Many question whether this intense type of training is safe for the elderly. A study looking at exactly that question was done by Thomas EE et al from the Strathclyde Institute of Pharmacy and Biomedical Sciences in Glasgow U.K. After a 12-week training program 75- to 85-year-old healthy women showed an 18 to 21 percent decrease in energy needed to complete the workout. They also showed a 13 percent increase in maximal walking speed and a 67 percent increase in mechanical power output.
What is intense?
Intensity varies from person to person. I have conducted many aerobic endurance assessments using the Karvonen formula. It uses your resting heart rate to calculate 85 percent of your maximum heart rate. I found that 90 percent of people were able to accurately perceive when they reached 85 percent of their maximum heart rate on their own.
So to apply this simple form of training, I recommend using Rate of Perceived Exertion (RPE). To determine how hard you are working based on your own perception, place your perception on a number scale. Use 1 as your slow walking pace and use 10 to signify your fastest moving speed.

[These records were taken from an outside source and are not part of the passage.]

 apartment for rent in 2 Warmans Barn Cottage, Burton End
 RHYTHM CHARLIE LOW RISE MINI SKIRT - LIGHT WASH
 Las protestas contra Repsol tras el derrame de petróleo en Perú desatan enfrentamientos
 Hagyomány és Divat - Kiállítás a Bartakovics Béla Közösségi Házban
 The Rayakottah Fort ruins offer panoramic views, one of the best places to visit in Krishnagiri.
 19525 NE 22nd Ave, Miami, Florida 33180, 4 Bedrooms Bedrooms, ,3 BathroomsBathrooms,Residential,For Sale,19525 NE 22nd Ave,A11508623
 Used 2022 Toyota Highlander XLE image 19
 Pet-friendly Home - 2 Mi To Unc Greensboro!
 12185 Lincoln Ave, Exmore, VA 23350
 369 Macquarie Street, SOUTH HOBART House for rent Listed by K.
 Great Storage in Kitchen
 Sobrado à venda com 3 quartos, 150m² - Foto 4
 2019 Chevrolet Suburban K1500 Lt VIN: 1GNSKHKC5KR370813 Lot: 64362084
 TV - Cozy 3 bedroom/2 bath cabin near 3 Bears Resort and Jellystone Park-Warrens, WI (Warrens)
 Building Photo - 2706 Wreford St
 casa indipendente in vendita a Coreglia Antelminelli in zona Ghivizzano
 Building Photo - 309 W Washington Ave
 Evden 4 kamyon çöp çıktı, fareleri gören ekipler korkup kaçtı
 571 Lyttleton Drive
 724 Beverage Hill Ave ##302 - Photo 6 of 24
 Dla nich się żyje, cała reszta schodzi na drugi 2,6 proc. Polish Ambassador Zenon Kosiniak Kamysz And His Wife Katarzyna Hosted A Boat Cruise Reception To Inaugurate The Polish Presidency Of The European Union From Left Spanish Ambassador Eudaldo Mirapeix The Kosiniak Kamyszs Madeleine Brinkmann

For beginners, start out your first burst at a RPE: 6 for 30 seconds to a minute. This should feel like work, but easy work. This will help you get acquainted with the 30-second time frame. Gradually work your way up based on your level of comfort and coordination. Don’t go past RPE: 9. That is a different form of training. Allow your rest periods to be as long as they need to be. You need to be able to say to yourself, “I am ready to do that again.” This rest often lasts one to three minutes. The rest time shortens as you get into better shape.
Bursts usually last at least 30 seconds and aren’t longer than 60 seconds. Approach intensity with caution, you can always train harder tomorrow, but you won’t be training if you hurt yourself today.
Variety of Approaches to HIIT
There are many ways to do HIIT. The above mentioned approach is a simple, safe way to start. Bursts can also be done with jumping, squats, lunges, or kettle-bell swings. With proper rest periods, training with high intensity, and caution will not only be good for your health, but can save you time. Four to six bursts is usually enough for most people. Depending on your rest periods and your intensity levels, you can get a solid workout in just 12 minutes.
HIIT was described as a “novel time-efficient training paradigm [that] can be used as a strategy to reduce metabolic risk factors in young and middle aged sedentary populations who otherwise would not adhere to time consuming traditional aerobic exercise regimes,” in the conclusions from a study out of the School of Engineering and Physical Sciences, Heriot-Watt University Edinburgh, Scotland, U.K., Babraj JA et al.
So with one less excuse we are all one step closer. Enjoy your training.